The format for The 24 Hour Plays is pretty simple.  The process beaks down into six steps.  The performances are usually on a Sunday evening, so the process starts at about 10 o’clock on a Saturday night.

First, the participants meet for an introduction session.  There are six playwrights, 24 actors, and six directors.  The 24HP artistic director has selected the writers and directors as well as the pool of actors.  

   The actors are photographed and then introduce themselves, accoutered with what American Theatre senior editor Allison Considine called “preposterous props and costume pieces” that they brought with them, and explain their special abilities and artistic wishes.  

   When the introductions are done, the costume bits and hand props are tossed into a pile in the middle of the space so anyone can use them for inspiration.  It sounds a lot like an acting exercise of Michael Chekhov’s that I described as “instant character.”

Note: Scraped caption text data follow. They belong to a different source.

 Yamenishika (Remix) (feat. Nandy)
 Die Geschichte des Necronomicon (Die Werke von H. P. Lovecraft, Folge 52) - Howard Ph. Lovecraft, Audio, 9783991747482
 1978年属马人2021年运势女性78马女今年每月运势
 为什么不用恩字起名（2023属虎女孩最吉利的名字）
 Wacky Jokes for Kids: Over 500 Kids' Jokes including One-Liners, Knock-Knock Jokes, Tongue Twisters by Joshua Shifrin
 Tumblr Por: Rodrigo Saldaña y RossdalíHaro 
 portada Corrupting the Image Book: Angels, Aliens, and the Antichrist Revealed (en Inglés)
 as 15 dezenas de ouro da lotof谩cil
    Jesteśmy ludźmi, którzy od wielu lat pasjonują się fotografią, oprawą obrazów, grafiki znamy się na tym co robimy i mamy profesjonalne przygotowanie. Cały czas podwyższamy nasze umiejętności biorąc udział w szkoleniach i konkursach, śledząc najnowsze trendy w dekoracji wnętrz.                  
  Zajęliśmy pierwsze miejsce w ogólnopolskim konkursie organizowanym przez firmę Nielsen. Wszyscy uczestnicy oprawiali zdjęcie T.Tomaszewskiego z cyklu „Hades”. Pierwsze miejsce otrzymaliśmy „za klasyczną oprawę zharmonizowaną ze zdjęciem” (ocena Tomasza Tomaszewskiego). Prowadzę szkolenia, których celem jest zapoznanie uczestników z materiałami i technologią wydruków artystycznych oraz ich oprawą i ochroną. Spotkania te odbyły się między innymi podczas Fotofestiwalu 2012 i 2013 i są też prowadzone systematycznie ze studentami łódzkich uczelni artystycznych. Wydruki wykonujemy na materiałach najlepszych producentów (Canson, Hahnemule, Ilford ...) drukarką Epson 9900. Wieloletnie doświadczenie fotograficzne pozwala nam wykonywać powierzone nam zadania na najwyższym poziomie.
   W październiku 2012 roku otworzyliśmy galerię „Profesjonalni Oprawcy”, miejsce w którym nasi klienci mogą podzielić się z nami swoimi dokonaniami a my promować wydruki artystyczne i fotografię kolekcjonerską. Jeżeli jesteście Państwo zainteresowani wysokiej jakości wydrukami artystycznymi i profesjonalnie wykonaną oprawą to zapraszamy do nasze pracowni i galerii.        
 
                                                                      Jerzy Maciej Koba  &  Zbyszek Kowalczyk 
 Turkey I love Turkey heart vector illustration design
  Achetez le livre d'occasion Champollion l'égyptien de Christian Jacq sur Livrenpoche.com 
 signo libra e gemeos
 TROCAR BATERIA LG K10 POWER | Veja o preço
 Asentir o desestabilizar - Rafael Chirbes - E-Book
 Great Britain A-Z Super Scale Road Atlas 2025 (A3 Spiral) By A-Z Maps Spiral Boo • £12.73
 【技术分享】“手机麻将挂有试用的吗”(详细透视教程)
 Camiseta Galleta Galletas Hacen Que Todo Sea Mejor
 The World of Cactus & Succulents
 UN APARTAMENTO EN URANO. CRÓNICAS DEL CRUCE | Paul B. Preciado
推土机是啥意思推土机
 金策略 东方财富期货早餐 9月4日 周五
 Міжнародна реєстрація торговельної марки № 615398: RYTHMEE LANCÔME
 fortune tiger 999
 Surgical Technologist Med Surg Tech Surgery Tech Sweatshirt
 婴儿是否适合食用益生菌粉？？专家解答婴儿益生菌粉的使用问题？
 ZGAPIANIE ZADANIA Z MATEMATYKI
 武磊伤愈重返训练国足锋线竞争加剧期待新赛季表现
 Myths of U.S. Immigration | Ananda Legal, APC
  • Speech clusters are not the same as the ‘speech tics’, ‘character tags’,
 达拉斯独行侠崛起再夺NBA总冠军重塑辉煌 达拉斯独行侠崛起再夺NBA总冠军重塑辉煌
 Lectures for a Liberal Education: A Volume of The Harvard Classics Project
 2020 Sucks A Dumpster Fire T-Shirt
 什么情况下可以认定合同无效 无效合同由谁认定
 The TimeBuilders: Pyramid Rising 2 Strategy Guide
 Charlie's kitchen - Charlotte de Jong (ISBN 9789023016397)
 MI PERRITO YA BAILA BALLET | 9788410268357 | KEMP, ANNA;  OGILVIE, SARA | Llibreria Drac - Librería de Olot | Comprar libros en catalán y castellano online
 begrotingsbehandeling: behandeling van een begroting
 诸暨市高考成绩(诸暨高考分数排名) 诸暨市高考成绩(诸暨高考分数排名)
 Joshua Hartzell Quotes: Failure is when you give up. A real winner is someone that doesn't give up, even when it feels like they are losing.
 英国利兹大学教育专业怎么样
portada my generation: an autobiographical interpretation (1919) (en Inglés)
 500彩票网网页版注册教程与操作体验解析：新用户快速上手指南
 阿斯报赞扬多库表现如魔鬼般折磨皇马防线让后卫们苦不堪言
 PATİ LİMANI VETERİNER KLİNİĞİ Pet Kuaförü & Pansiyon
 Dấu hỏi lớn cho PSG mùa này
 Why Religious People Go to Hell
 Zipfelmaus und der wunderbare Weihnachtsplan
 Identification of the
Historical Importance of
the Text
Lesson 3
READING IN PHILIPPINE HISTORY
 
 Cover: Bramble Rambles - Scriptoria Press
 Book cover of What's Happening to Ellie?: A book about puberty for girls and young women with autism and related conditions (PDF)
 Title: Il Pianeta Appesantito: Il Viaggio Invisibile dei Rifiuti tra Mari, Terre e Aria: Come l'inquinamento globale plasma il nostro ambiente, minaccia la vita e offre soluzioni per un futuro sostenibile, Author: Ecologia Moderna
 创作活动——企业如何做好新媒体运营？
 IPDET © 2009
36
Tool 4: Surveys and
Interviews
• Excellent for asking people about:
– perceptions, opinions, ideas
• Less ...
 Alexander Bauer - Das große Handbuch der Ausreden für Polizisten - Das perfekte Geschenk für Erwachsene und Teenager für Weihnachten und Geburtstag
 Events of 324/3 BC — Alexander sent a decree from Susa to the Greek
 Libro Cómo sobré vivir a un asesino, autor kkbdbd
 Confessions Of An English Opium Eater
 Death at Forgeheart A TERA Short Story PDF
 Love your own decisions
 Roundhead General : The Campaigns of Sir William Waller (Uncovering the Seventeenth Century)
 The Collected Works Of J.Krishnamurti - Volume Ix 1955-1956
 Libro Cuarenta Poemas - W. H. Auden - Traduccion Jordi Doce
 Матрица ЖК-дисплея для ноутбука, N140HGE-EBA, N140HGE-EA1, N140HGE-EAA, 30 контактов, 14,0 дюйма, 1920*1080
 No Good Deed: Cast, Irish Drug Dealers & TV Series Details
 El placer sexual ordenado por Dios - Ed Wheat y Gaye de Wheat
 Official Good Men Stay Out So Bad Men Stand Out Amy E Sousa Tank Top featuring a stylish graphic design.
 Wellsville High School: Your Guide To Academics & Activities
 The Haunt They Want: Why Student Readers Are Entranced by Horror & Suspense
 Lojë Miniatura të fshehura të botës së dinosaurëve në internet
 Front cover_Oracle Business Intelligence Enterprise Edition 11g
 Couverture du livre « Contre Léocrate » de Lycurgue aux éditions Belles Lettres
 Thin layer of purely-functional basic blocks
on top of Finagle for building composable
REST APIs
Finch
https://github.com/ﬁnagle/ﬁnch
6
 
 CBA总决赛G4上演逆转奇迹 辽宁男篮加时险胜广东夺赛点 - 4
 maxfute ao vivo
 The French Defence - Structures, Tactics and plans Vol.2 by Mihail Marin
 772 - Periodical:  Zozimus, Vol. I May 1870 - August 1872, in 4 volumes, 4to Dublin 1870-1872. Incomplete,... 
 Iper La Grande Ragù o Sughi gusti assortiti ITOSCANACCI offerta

   Artistic director Armstrong sees this as a reversal of the usual casting approach: “Rather than the traditional formulation, where writers—and directors like me—proclaim to the actor, “Here’s what we’re looking for, can you do that?,” this approach asks the actor to declare to the writer, “Here’s what I can do and here’s what I dream of doing—what can you do with that?”

Second, the participants sit down and brainstorm ideas for the plays, informed by what the director and playwright have learned about their potential cast.  The actors and directors go home.

Third, in what seems like a sports draft, the AD divvies up the actors, using the photos (they were Polaroids back in the early years), among the directors.  If a director wasn’t assigned an actor she or he had wanted, the pix are traded like baseball cards.  

Fourth, the writers stay up all night to compose the plays.  (The venue becomes a writers’ room.)  They write for the actors in their casts, which fits in exactly with Mark Armstrong’s comment.

Some playwrights work through the night, but like some others, Warren Leight, the veteran of many 24-hour plays since 2001, says that last year, he slept until 6 a.m., wrote his play in an hour, went back to sleep, and then “tried to tighten it up later in the day.”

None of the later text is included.